La diffusione del «mito Proust» (quello «che si compiace di dividere in due la vita di Marcel: da una lato gli anni giovanili, distinti da mondanità e dissipazione; dall’altro gli anni della maturità, consacrati a silenzio, tenebre, dinieghi e lavoro») fu peraltro opera, in parte, dello stesso Proust (si considerino, ad esempio, «le lunghe anticamere cui, segregato nella sua stanza, costringeva i visitatori che venivano a omaggiarlo il pomeriggio inoltrato»). Insomma, è stato Proust per primo a creare «una simbiosi tanto losca quanto inossidabile tra arte e biografia».
Oggi, considerando «il proliferare degli studi multiculturali e di genere», Piperno teme che la Recherche venga giudicata «un’opera pericolosa, se non addirittura immonda», e che il trionfo delle «anime belle» (incapaci di comprendere come «lo sguardo lucido e disincantato» dello scrittore ne faccia, al contrario, «un’opera di moralità inflessibile») possa cancellarla dai programmi universitari, contribuendo così a ridurre gli studi umanistici a «succursale dell’impegno civile». Qui devo fermarmi, tacendo fra l’altro l’identikit che Piperno disegna del proustiano perfetto (idolatra, snob, sentimentale), e un elemento, «l’idea di morte», che col trascorrere del tempo è venuto ad aggiungersi al processo di identificazione con l’autore prediletto. Devo fermarmi per dire che la seconda parte del libro è composta da sette brevi saggi, in cui Piperno tratta delle affinità e delle differenze evidenziabili tra Proust e sette scrittori eminenti: Montaigne, Céline, Nabokov, Balzac, Dante, Virginia Woolf, Philip Roth.
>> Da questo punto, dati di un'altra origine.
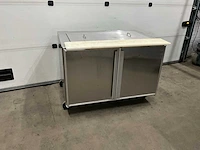 Silver king skp4818 mobiele koelwerkbank - afbeelding 1 van  7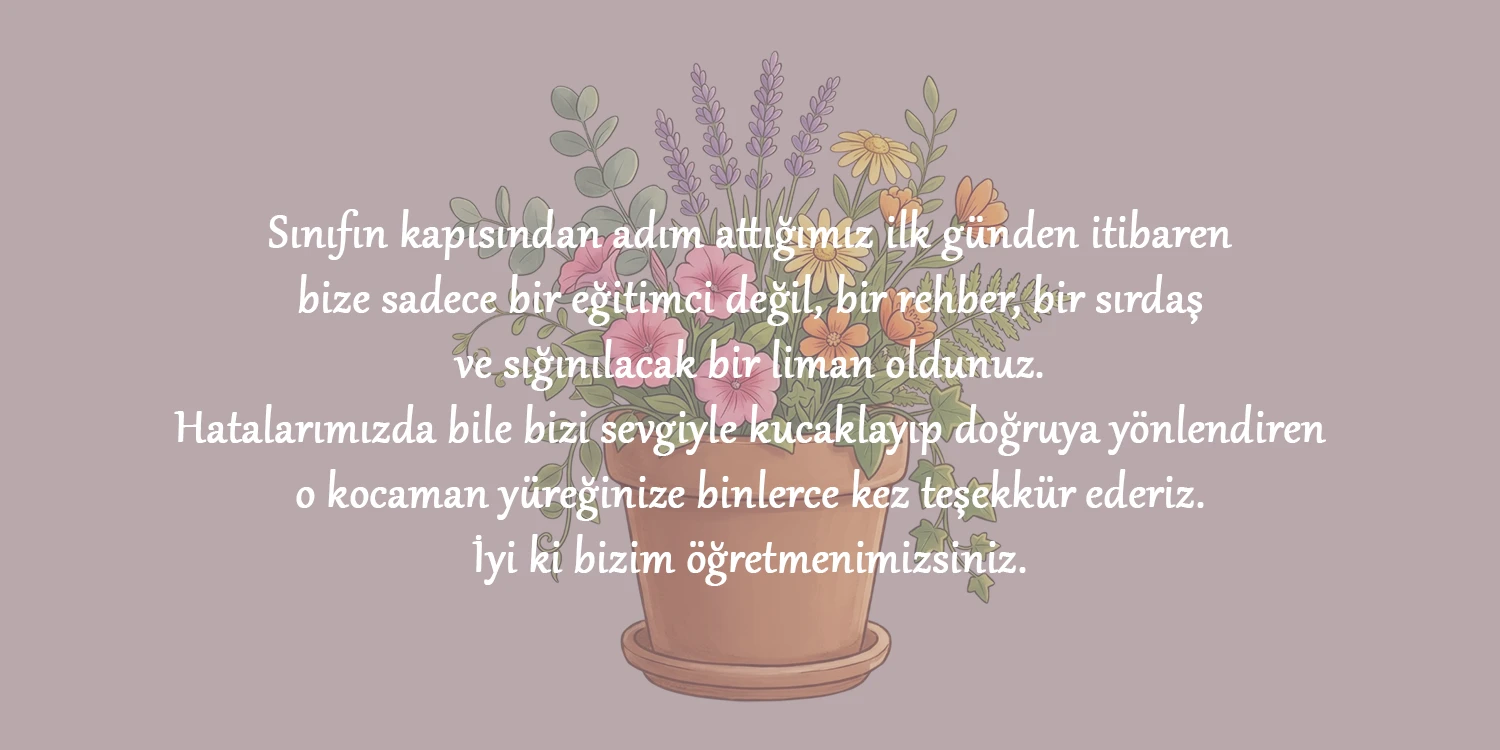 Öğretmenler günü reslimli mesajları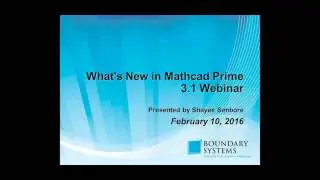 What s New in Mathcad 3 1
Mi limiterò a elencare molto succintamente alcune delle affinità più o meno manifeste tra Proust e Dante. Come scrive Gianfranco Contini, nell’io dantesco (la prima persona singolare usata dal poeta) convergono «l’uomo in generale» e «l’individuo storico», «l’Io trascendentale» e «l’io esistenziale»; lo stesso si può dire dell’io proustiano. A questi due narratori, dice Piperno, si deve aggiungere una terza figura: quella che fa della Recherche un’opera sapienziale. Sia Dante che Proust possono dirsi fondatori di due religioni letterarie: «leggerli è al tempo stesso un piacere, una fatica e un atto devozionale». Sia il Poeta che il Narratore si prefiggono «di intraprendere un iter di salvezza». Swann è il Virgilio di Proust. La «selva oscura» in cui si aggira il Poeta smarrito è in qualche misura assimilabile alla camera dove giace tra veglia e sonno il Narratore, nelle pagine iniziali della Recherche. Scrive Osip Mandel’štam: «l’intero poema dantesco è un’intera strofa, unica e indivisibile». Secondo Piperno, «anche la Recherche si configura come un’unica incessante frase». Sia Dante che Proust utilizzano la letteratura per vendicarsi: si veda ad esempio come infieriscono su Filippo Argenti e Monsieur d’Argencourt.